In 2016, AMS Consulting, a Co Clare-based archaeological consultancy, employed just three staff to run the management service it offered to clients.
Last year, that figure had risen to 115, after years of rapid growth driven largely by the firm’s decision to directly take on the running of excavations for customers rather than just overseeing the process.
“Initially we extended our service offerings to satisfy our clients, and then it really started to grow,” Ed Danagher, founder and principal archaeologist at AMS (Archaeological Management Solutions), said of the company’s development.
After one of its “busiest years ever” in 2020, the business reported a turnover of €6 million and has maintained its momentum this year.
“We still focus and specialise in project management,” Danagher said, pointing to a contract AMS recently won with the Office of Public Works to manage the cultural heritage aspect of all flood relief schemes in Ireland.

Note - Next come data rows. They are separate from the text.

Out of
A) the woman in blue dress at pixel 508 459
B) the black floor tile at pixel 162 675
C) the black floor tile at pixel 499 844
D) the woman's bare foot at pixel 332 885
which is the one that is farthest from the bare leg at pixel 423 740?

“But we’ve really extended our service offerings into excavation and other specialist works, which has been transformative for us.”
If the last few years have been significant for AMS, it’s worth noting that the roots of the business stretch back to 2011. Danagher, a trained archaeologist, identified a gap in the market for archaeological expertise when it came to government and private infrastructure projects such as roads.
“There was no commercial company offering to manage the archaeological side of these types of developments,” he said.
The recession, however, proved difficult for archaeology, and prompted Danagher to move abroad and work for multinational companies in Britain. During that period about 80 per cent of commercially employed archaeologists lost their jobs.
Five years ago, Danagher revived AMS, which had never officially shut, and since then the Enterprise Ireland-backed company has enjoyed almost uninterrupted growth. In recent years it has excavated hundreds of sites as part of road-building projects in Ireland, as well as conducting work on wind-farm developments and other infrastructure projects.
“In the last three years, we’ve probably averaged about 40 or 50 excavations a year,” Danagher said. Some of these can take months and involve up to 80 trained archaeologists.
With offices in Clare, Kilkenny and York in England, Danagher’s business is now widely used across Ireland and Britain and has designs on new markets, according to Labhaoise McKenna, its manager of strategy, policy and governance.
The company will add several new staff in January 2022, including senior specialists who join from companies based in Britain. “It is great for us to be able to continue to grow the team in west Clare and support the local economy,” McKenna said.
One of the main goals for AMS is to make archaeology a viable career path for younger people in the field, and to ensure that the business can withstand economic turbulence by building a client base globally.
“When the last recession hit, a lot of companies in Ireland focused on Irish work really struggled,” Danagher said.
“We wanted to diversify, to make sure that we have a certain number of jobs that we can hang onto even if that happens again. So we’re looking at other markets, and we want to add more services to what we do, such as specialist work.”